Não dou muita abertura para a Ieda, mas a trato com cordialidade, eu espero que, tendo uma amizade comigo, ela consiga entender que não poderá haver nada entre nós nem hoje, nem nunca.
Gostaria que ela percebesse pelas minhas ações e pela minha cordialidade que eu tenho algo de diferente dos outros homens, mesmo porque se eu dissesse que sou homossexual, ela não iria acreditar, pois ela está muito apaixonada por mim.
O assunto de nossa mesa hoje foi direcionado à doação de órgãos. Ieda me surpreendeu dizendo que, se um dia morrer jovem, pois todos estamos sujeitos e não sabemos e nem imaginamos quando irá acontecer, doará seus órgãos para permanecer viva em outras pessoas.
Uma menina de dezoito anos apenas pensando nas outras pessoas, isso me chamou a atenção.
— Professor, pense comigo, se mais pessoas doassem órgãos, ia ser a diferença entre viver e morrer para muitos que estão aguardando na fila de transplantes.

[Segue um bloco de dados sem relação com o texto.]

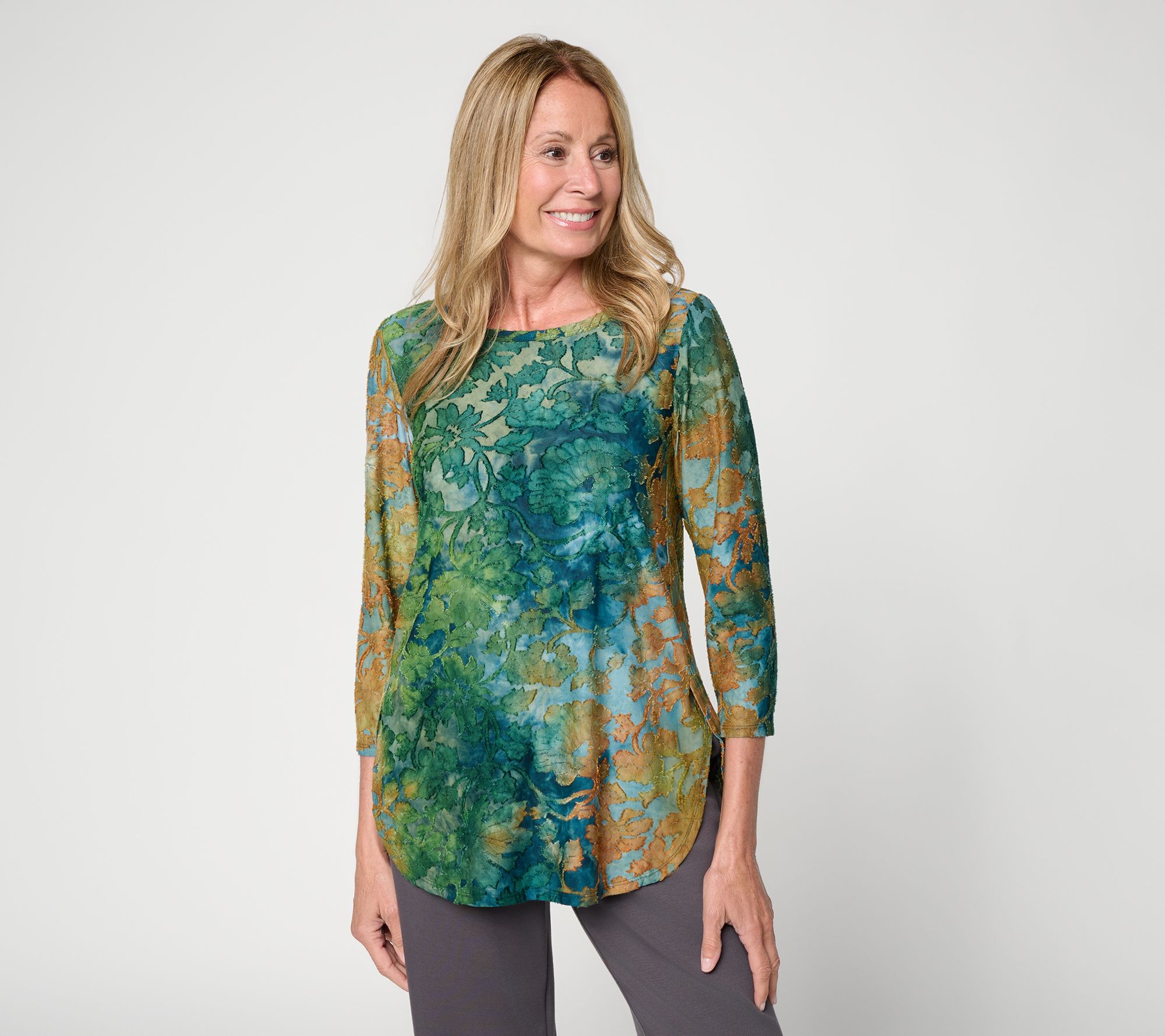 Susan Graver Regular Printed Burnout Scoop Neck 34 Sleeve Tulip Hem Tunic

— Ieda, os seus pais sabem desse seu desejo, querida?
— Sim, professor, eu disse a eles quando completei a maior idade penal. — Eles me disseram que não vai acontecer nada, mas vão respeitar a minha decisão se acontecer.
Noto uma lágrima tímida no olho esquerdo de Ieda, que ela limpa com dedo indicador.
— Amigos, eu vivo cada dia de minha vida intensamente, pois nunca sabemos quando será nosso último dia na terra.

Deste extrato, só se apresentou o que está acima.